A incidere sulla fiducia delle famiglie – e delle imprese italiane – è soprattutto il rallentamento in atto dell’economia: secondo le previsioni Cer per Confesercenti, il 2019 dovrebbe chiudersi con una mini-crescita dei consumi dello 0,3% (il dato più basso dal 2014 ad oggi), mentre il Pil si avvia a registrare una variazione nulla.
Uno scenario di crescita zero che sta innescando un circolo vizioso: il timore del rallentamento frena la spesa delle famiglie, e a sua volta il calo della propensione al consumo sta bloccando ogni prospettiva di ripresa. La frenata della spesa ha infatti un forte impatto anche sul Pil: secondo le proiezioni Cer per Confesercenti, la prosecuzione delle tendenze in atto si tradurrà, a fine 2019, in una minore crescita del Pil dello 0,5%.

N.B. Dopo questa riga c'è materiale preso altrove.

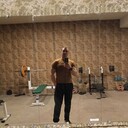 ���������� ������������, ���� ������� �������, 28 ���, ������������ ��� ���������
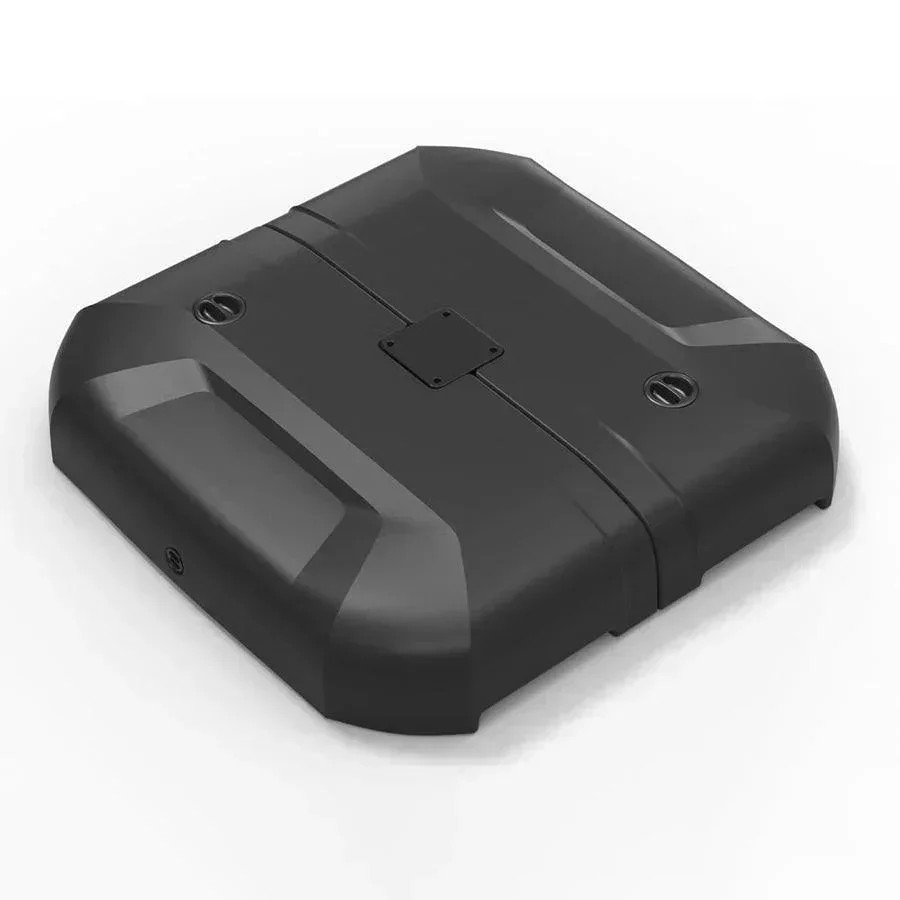 PURPLE LEAF Large Cantilever Umbrella Base ZYCJBASE-150NEW | Purple Leaf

“L’economia rallenta, le tensioni internazionali non lasciano ben sperare e le famiglie non vedono una chiara via di uscita da questa situazione di stallo”, commenta la Presidente di Confesercenti Patrizia De Luise. “Per questo riteniamo che sia prioritario migliorare lo stato delle aspettative di consumatori e imprese. Fondamentale da questo punto di vista è stato scongiurare l’aumento IVA per il 2020: gli incrementi avrebbero avuto un effetto disastroso sulla fiducia delle famiglie”.
“Per ripartire – continua De Luise – bisogna dare fiducia a famiglie ed imprese. Occorre superare una visione ristretta ai confini dell’anno e lanciare un piano a lungo termine. Un piano che preveda l’impegno a disattivare le clausole di salvaguardia ancora attive sul biennio 2021-22, il varo della web tax e una spending review seria: non è possibile che la propensione alla spesa dello Stato cresca mentre le famiglie tirano la cinghia. Alla riduzione della spesa va accompagnato anche un serio e credibile programma di semplificazione e riduzione degli oneri burocratici. Misure a costo zero, ma capaci di dare un immediato impulso alla ripresa degli investimenti infrastrutturali e alla crescita economica italiana”.